Auhmad Robinson

Personal information
- Born: June 4, 2001 (age 25)

Sport
- Sport: Athletics
- Event: Sprint

Achievements and titles
- Personal bests: 400m: 44.61 (Gainesville, 2025) Indoor 200m: 20.57 (College Station, 2025) 300m: 32.34 (College Station, 2025) 400m: 44.91 (Boston, 2024)

= Auhmad Robinson =

American sprinter (born 2001)

Auhmad Robinson (born 4 June 2001) is an American sprinter who primarily competes over 400 metres.

==Biography==
Robinson attended Klein Forest High School in Texas. In 2019, Klein Forest won the Class 6A Men's Track & Field Team State Championship. At the AAU Junior Olympic Games in 2020, Robinson finished second in the boys 17-18 division of the 200m to Robert Gregory, with a wind legal time of 20.91 seconds, and secured a win over 400 metres in a time of 47.00 seconds.
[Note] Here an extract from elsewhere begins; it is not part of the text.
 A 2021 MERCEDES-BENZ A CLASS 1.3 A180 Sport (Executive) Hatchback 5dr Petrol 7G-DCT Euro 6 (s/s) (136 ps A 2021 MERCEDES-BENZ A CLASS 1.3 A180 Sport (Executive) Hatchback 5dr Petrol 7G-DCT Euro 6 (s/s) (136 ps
He later attended Stephen F. Austin State University, before transferring to Texas A&M University after a year.

Robinson ran 44.91 seconds for the 400 metres on 9 March 2024 in Boston, as he finished runner-up to Christopher Morales Williams at the 2024 NCAA Indoor Championships. It proved to be the second fastest short track 400 metres time recorded worldwide in 2024. The following month, he ran 44.98 seconds for the 400 metres outdoors at the Tom Jones Memorial in Gainesville, Florida, again finishing runner-up to Morales Williams. In June, he ran the anchor leg as Texas A&M won the 4 x 400 metres relay at the 2024 NCAA Outdoor Championships, although he was disqualified from the final of the individual 400 metres race.
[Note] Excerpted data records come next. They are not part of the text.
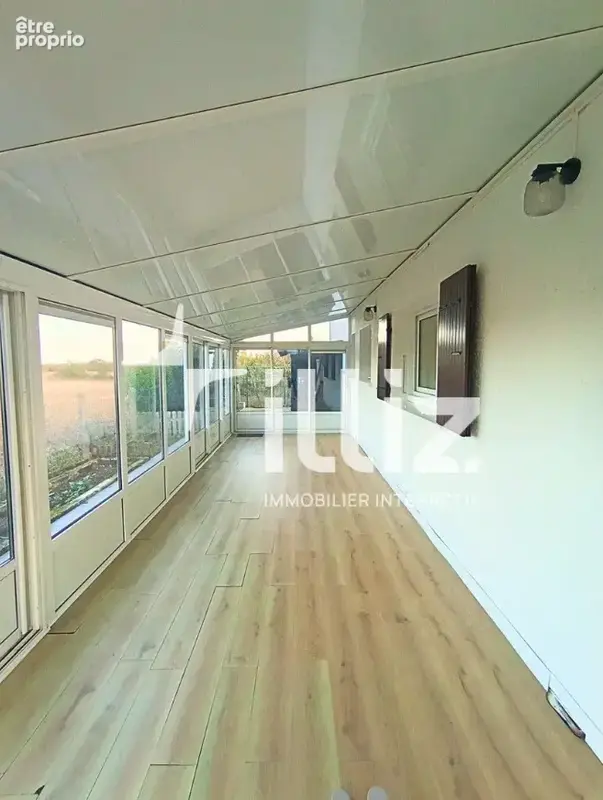 Secteur Rochefort / Breuil-Magné - Maison familiale 8 pièces de 178 m2 avec piscine - photo 11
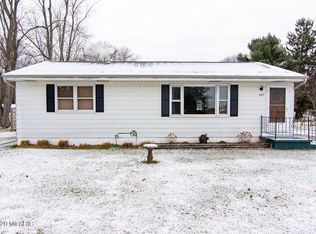 2477 Yankee St, Niles, MI 49120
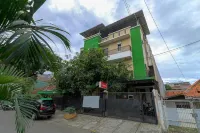 RedDoorz Plus Near Trisakti University - Pensions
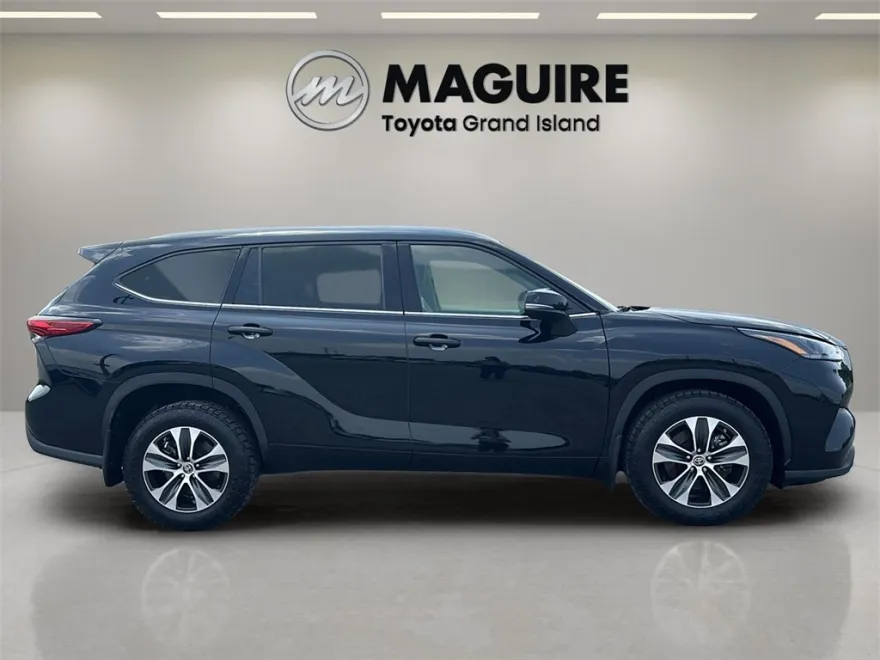 2022 Toyota Highlander XLE photo 1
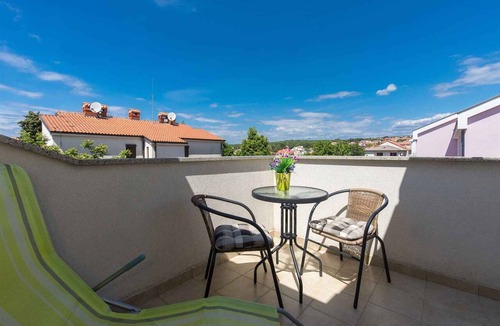 Malinska Apartment | Holiday apartment with balcony and air conditioning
Running a time of 32.34 seconds, Robinson broke the Texas A&M school record for the 300 metres at the McFerrin-12 Degree Invitational in January 2025, a time which placed him third on the NCAA all-time list. Robinson placed third over 400 metres at the 2025 NCAA Indoor Championships in 45.54s, behind Will Floyd and Ezekiel Nathaniel. In April 2025, Robinson lowered his personal best to 44.61 seconds for the 400 metres at the Florida Relays in Gainesville. Robinson was a finalist in the individual 400 metres and secured a second place finish running the anchor leg of the 4 x 400 metres relay, as Texas A&M shared the 2025 NCAA Outdoor Championship overall title with the University of Southern California.